Write out the line with "Image result for Aeschynomene nyassana" and every later line through the end of the data below, exactly as given, with no pictures in the copy.

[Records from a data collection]
━━━━━━

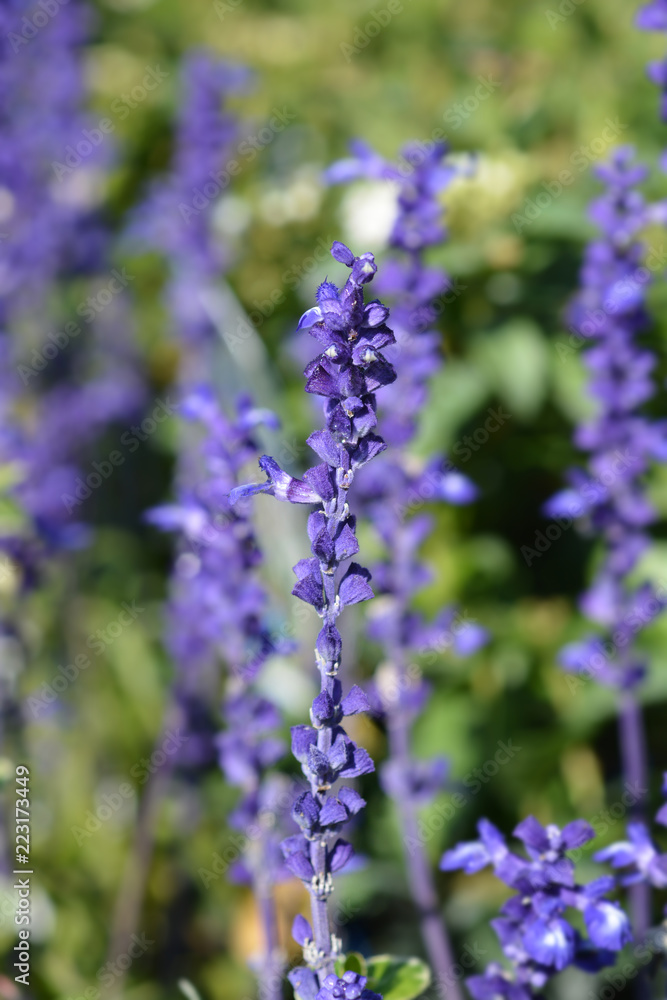 Naklejka premium Mealycup sage Sallyfun Blue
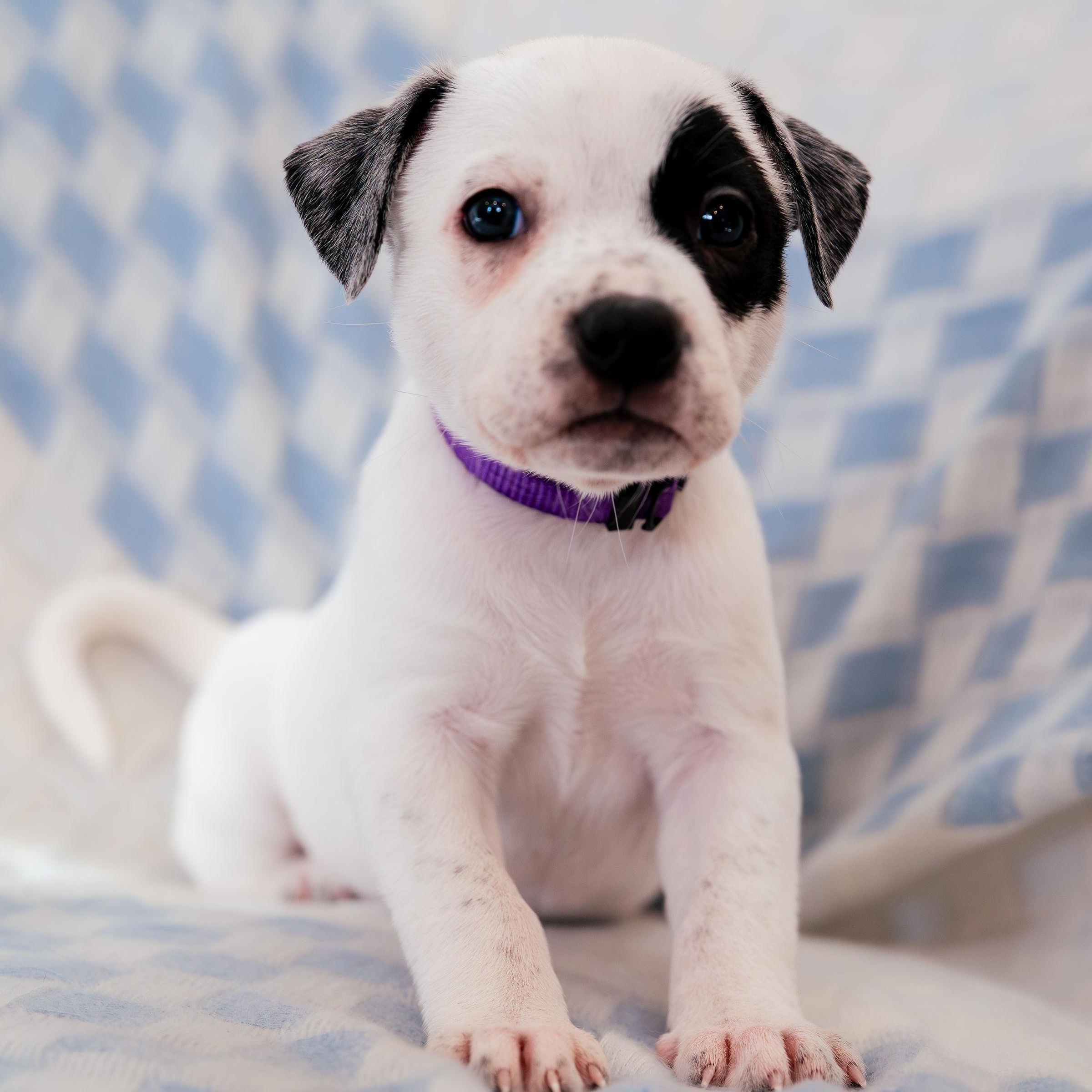 Envision, ADOPTABLE, Puppy Female German Shorthaired Pointer.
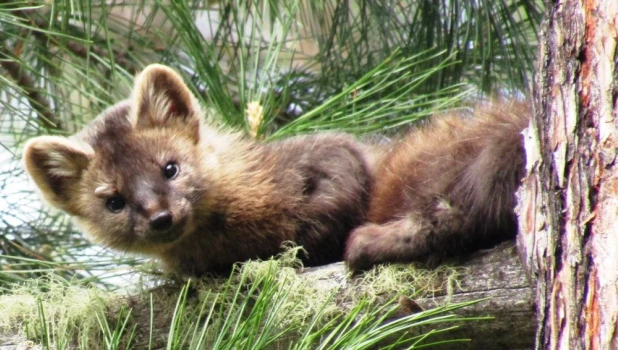 Лесная куница.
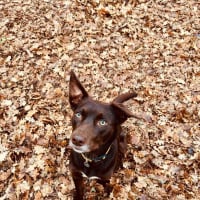 Photo of Milo Haliwell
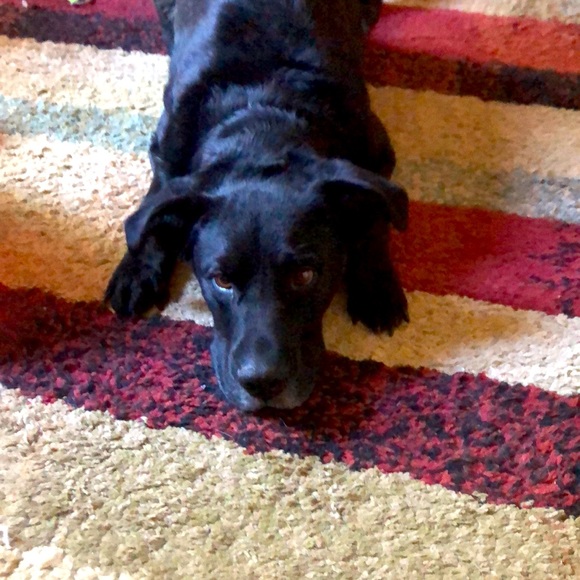 Meet your Posher, Denise - Picture 3 of 3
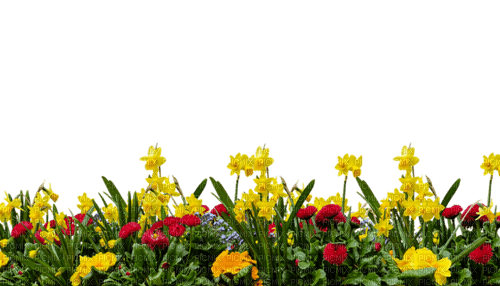 Jardín de flores y plantas - png gratis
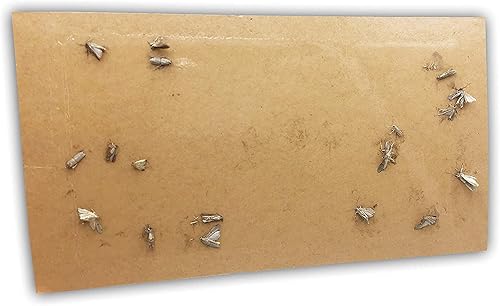 Miniatura 7 de Trampas de feromonas dobles eficaces y recargables, la solución definitiva para el control de polillas de la ropa y la despensa -4 unidades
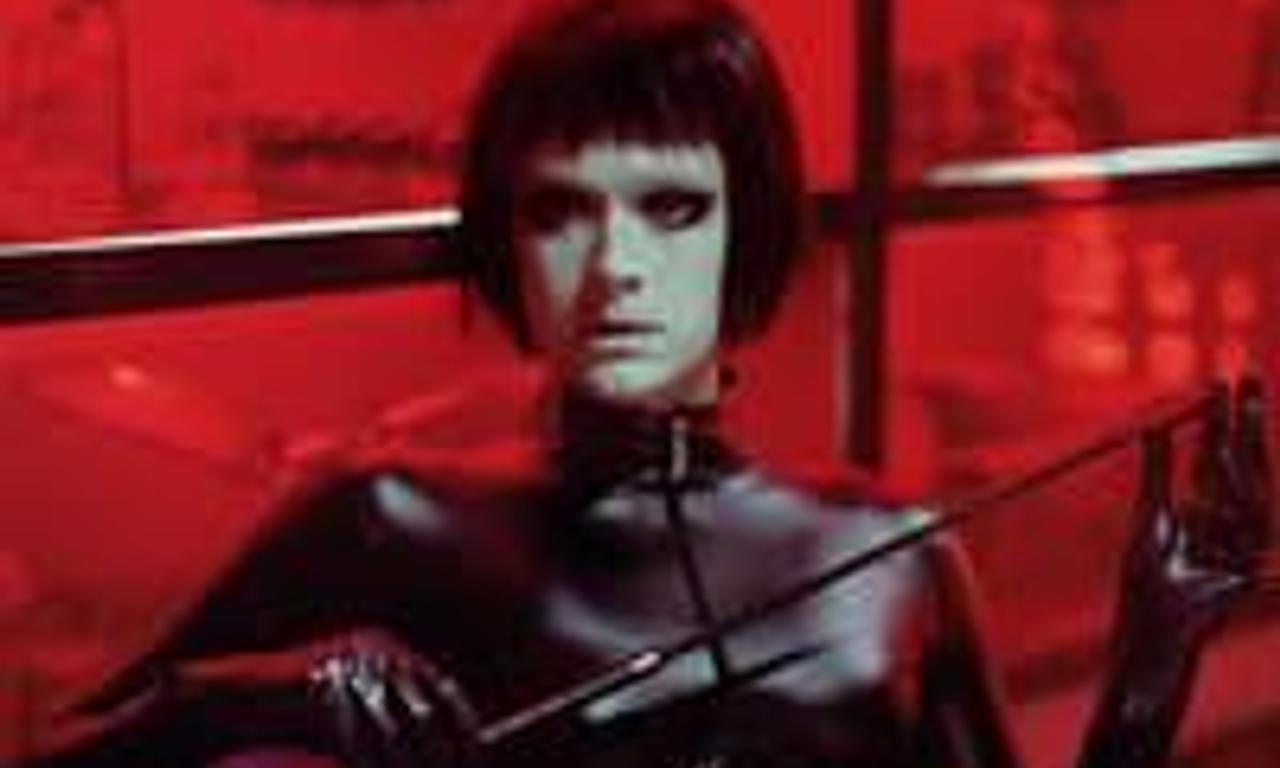 header image for Dogs Don't Wear Pants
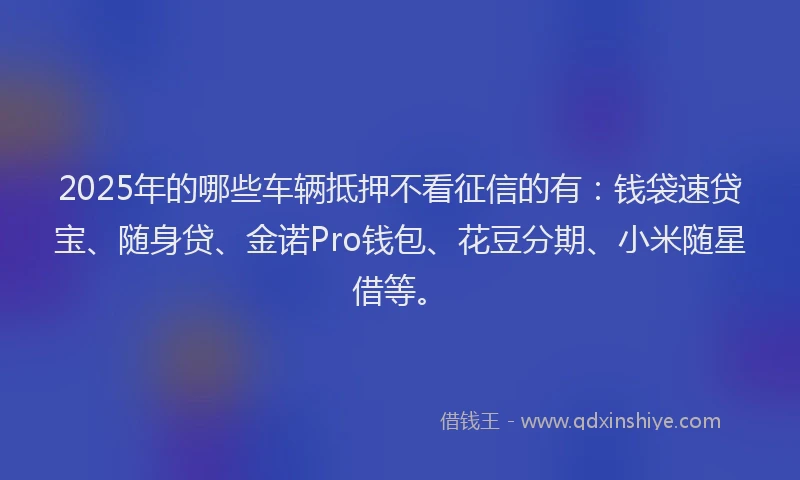 2025年的哪些车辆抵押不看征信的有：钱袋速贷宝、随身贷、金诺Pro钱包、花豆分期、小米随星借等。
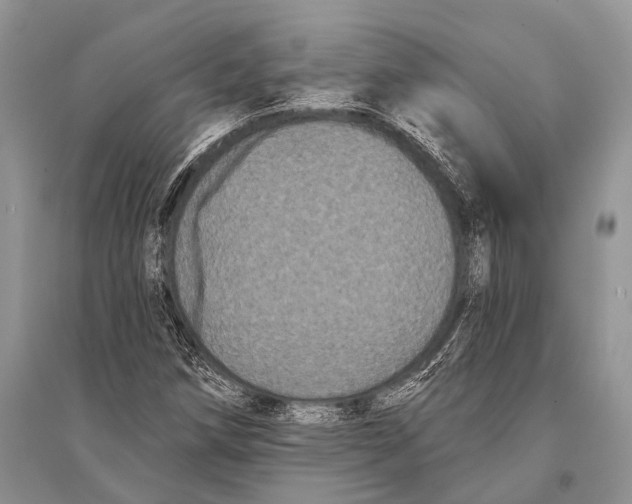 X0000094921258200712201212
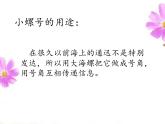 人教版新课标四年级上册音乐 第一单元  小螺号 (2)（课件）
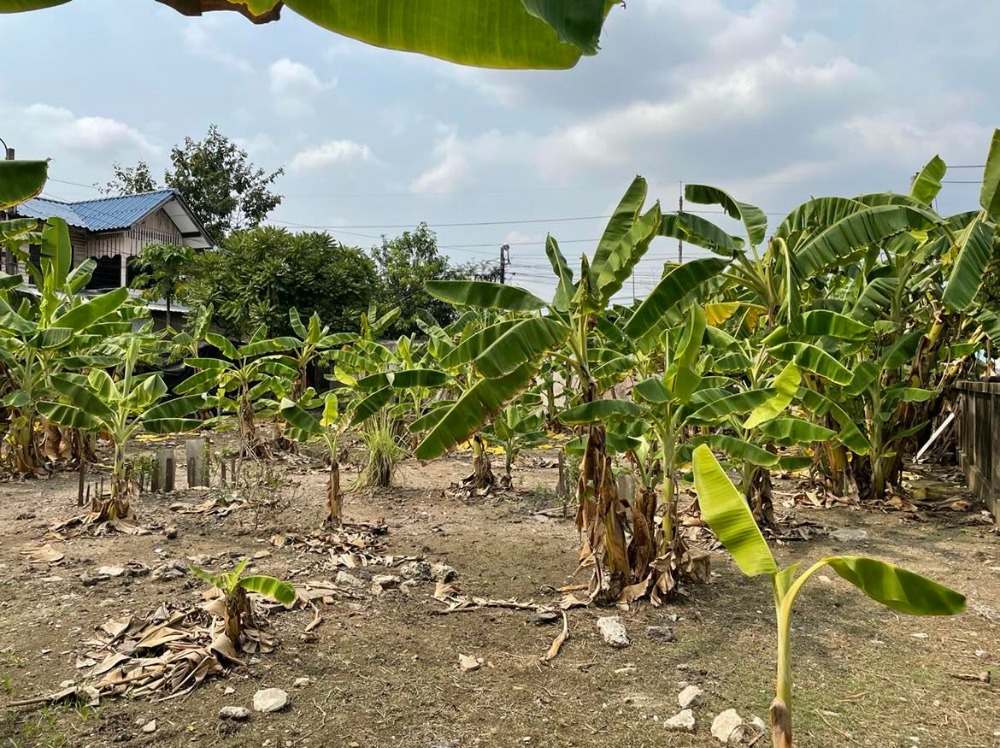 ขายที่ดินพุทธมณฑล ศาลายา : ขายบ้าน 3 หลังพร้อม ที่ดิน 4 ไร่ 17 ตารางวา  ติดหมู่บ้านมณฑล7   ถนนทวีวัฒนา  หลักสอง  บางแค  กรุงเทพ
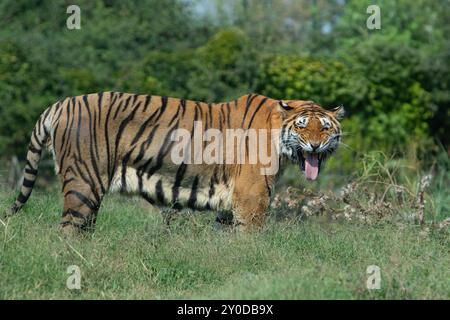 Tigre du Bengale marchant dans l'herbe et bâillant avec sa bouche grande ouverte Banque D'Images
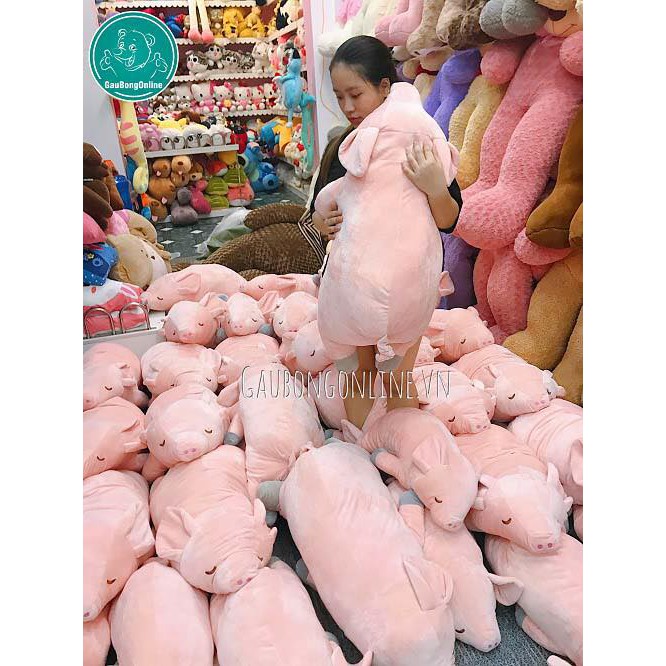 Lợn bông nằm loại 70cm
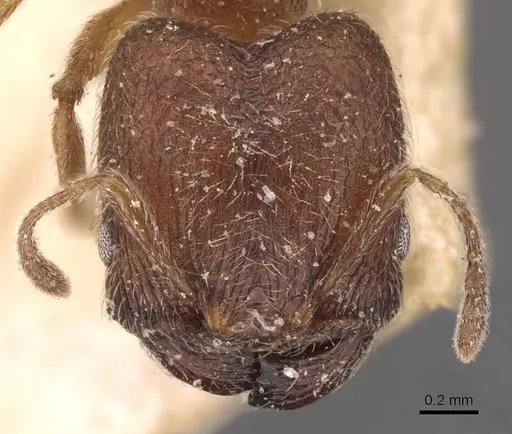 Pheidole bequaerti specimen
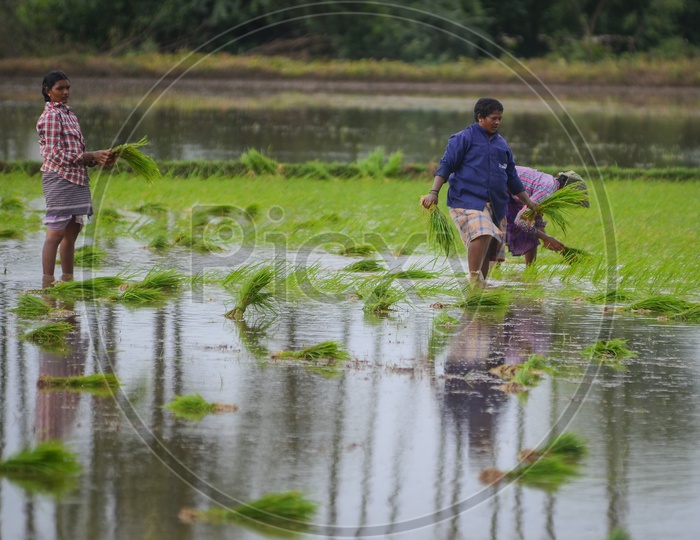 Paddy fields, Agriculture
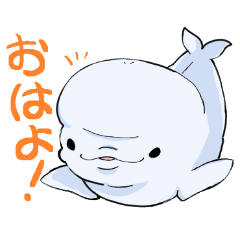 [LINEスタンプ] シロイルカとなかまたち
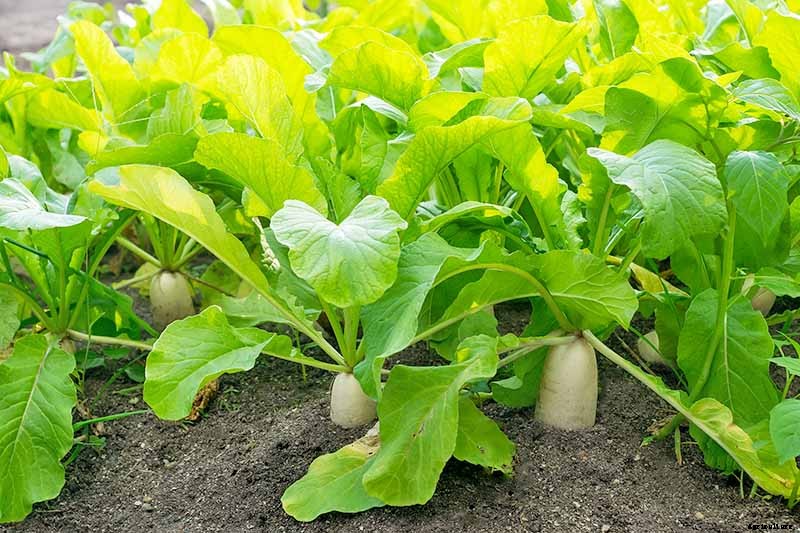How to Plant and Grow Daikon: Add Some Zing to Your Garden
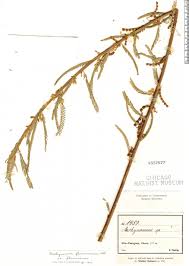 Image result for Aeschynomene nyassana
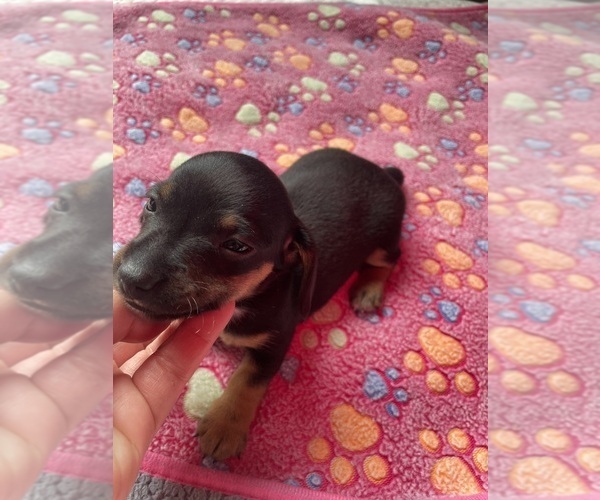 Medium Photo #1 Dachshund Puppy For Sale in OLYMPIA, WA, USA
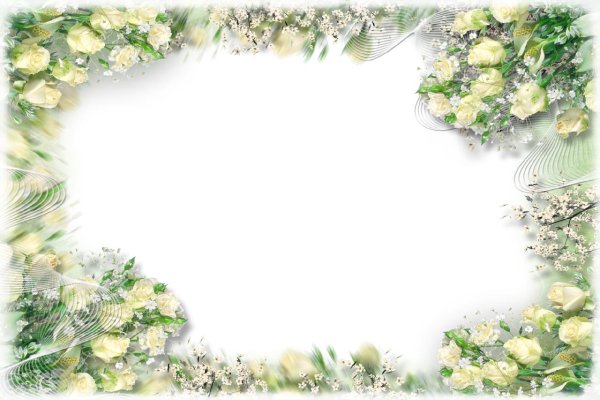 Рамка белые розы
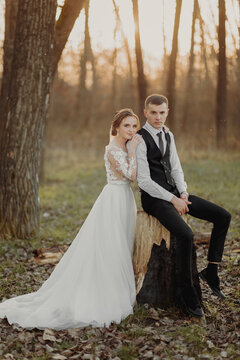 Wedding photo in nature. The groom sits on a wooden stand, the bride stands next to him, leaning on his shoulder. Portrait of the bride and groom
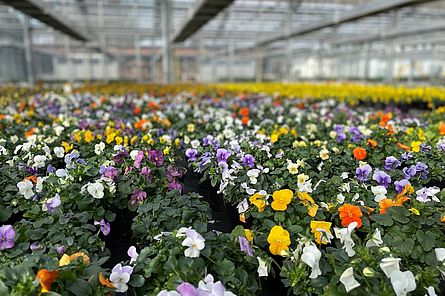 Viele bunte Frühlingsblumen bilden ein Blütenmeer n einem Gewächshaus.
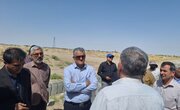 ببینید| بازدید معاون استاندار و مدیر کل راه و شهرسازی سیستان و بلوچستان از فرمانداری هامون و سایت نهضت ملی مسکن محمدآباد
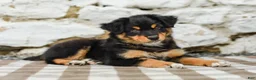 Australian Shepherd dogs for sale: Trisha - Ad 6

━━━━━━

## Response for this exercise
 Image result for Aeschynomene nyassana
 Medium Photo #1 Dachshund Puppy For Sale in OLYMPIA, WA, USA
 Рамка белые розы
 Wedding photo in nature. The groom sits on a wooden stand, the bride stands next to him, leaning on his shoulder. Portrait of the bride and groom
 Viele bunte Frühlingsblumen bilden ein Blütenmeer n einem Gewächshaus.
 ببینید| بازدید معاون استاندار و مدیر کل راه و شهرسازی سیستان و بلوچستان از فرمانداری هامون و سایت نهضت ملی مسکن محمدآباد
 Australian Shepherd dogs for sale: Trisha - Ad 6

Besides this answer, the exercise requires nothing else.